The adequacy of the CCP’s Financial Resources (Margins and Default Fund contributions collected from its members) is assessed on at least a daily basis and reported regularly in accordance with the Financial Risk Policy using Group Risk Appetite as a benchmark. The Principles for Financial Market Infrastructures (PFMI) produced by CPMI-IOSCO and EMIR provide the minimum Risk Management standards that a CCP should apply; however, LSEG CCPs apply more stringent margin confidence levels in most cases.
If a clearing member fails, the collateral collected is used by a CCP to complete the trades and fulfil the failed organisation’s obligations. This ensures that the party on the other side of the trade is not negatively impacted by the default. The margin is calculated to cover market moves up to a certain confidence level.
If losses exceed the defaulter’s financial resources, then under EMIR Regulation the CCP is required to utilise a specified proportion of its own capital ‘skin-in-the- game’ before it can utilise the assets of non-defaulters. The skin-in-the-game represents a proportion of the CCP’s own capital that is sufficient to act as an incentive for CCPs to minimise the operational risk related to default management and to adopt robust risk management processes. Once the skin-in-the-game has been exhausted, further losses are allocated to the non-defaulting members via funded member contributions to a mutualised default fund for each asset class or group thereof followed by further cash calls known as assessments and then a loss distribution waterfall set out in the CCP rulebook. CCP operational risk is managed using a bottom-up approach and is aligned with the Group’s operational risk management approach.
Further information on the Group’s clearing related risk is contained in the Principal Risks and Uncertainties on pages 49–50.
The Risk Governance of the Group is as follows and presented diagrammatically below:
- The Board is responsible for determining the Group Risk Appetite. The Board’s Risk Committee receives regular reports presenting the aggregate risks of the whole Group measured against the Appetite
- The ERMF defines roles and responsibilities for risk management oversight and activities, including for the Board, the Executive Committee and sub- Committees thereof
- The Executive Financial and Operational Risk Committees monitor and report on the risk profile of the Group; review and challenge the application of the Group risk framework; recommend Risk Appetite Statements to the Executive Committee and monitor compliance with the relevant risk policies
- The Group has a Business Continuity Management framework in place which is managed and maintained through a fully established Business Continuity Programme.

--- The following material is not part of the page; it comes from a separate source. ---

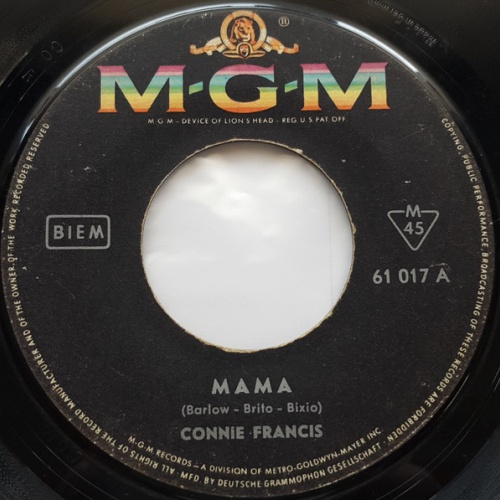 Vinyl / Connie Francis - Mama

The Business Continuity Programme is overseen by the Business Continuity Board, a sub-committee of the Operational Risk Committee
- The New Product/Market Committee reviews and recommends business cases to the Executive Committee ensuring product innovation and new market risks are appropriately identified and assessed
Each Group-level risk is owned by a member of the Executive Committee who is responsible for managing or mitigating the risk in order to remain within Risk Appetite. The Board and the Risk Committee receive presentations on material risks and related mitigants as appropriate.
The Reports of the Audit and of the Risk Committees, on pages 65–71, provide details on the work carried out to assist the Board in fulfilling its oversight responsibilities for risk management and systems of internal control.